• **Dataset entries**
★ ★ ★ ★ ★ ★ ★
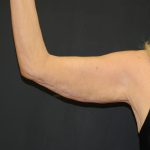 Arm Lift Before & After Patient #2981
★ ★ ★ ★ ★ ★ ★
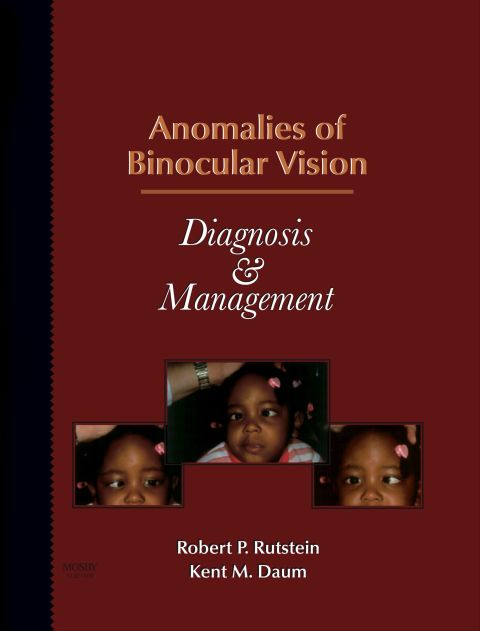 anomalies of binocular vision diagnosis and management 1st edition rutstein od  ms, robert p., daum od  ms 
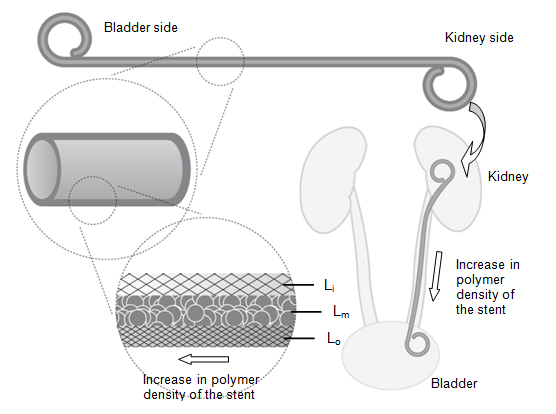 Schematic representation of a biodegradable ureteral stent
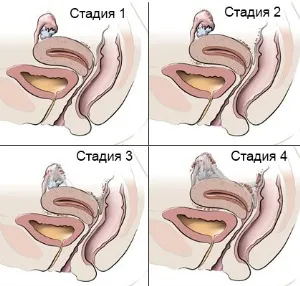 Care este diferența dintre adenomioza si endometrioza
★ ★ ★ ★ ★ ★ ★
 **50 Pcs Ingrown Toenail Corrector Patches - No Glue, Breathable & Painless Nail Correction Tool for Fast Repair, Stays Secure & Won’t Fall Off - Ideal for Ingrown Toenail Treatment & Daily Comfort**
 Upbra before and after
★ ★ ★ ★ ★ ★ ★
For this task, return exactly the stretch of the listing above from the line with "Schematic representation of" through the line with "Care este diferența", inclusive and without pictures.

• **Response below**
 Schematic representation of a biodegradable ureteral stent
 Care este diferența dintre adenomioza si endometrioza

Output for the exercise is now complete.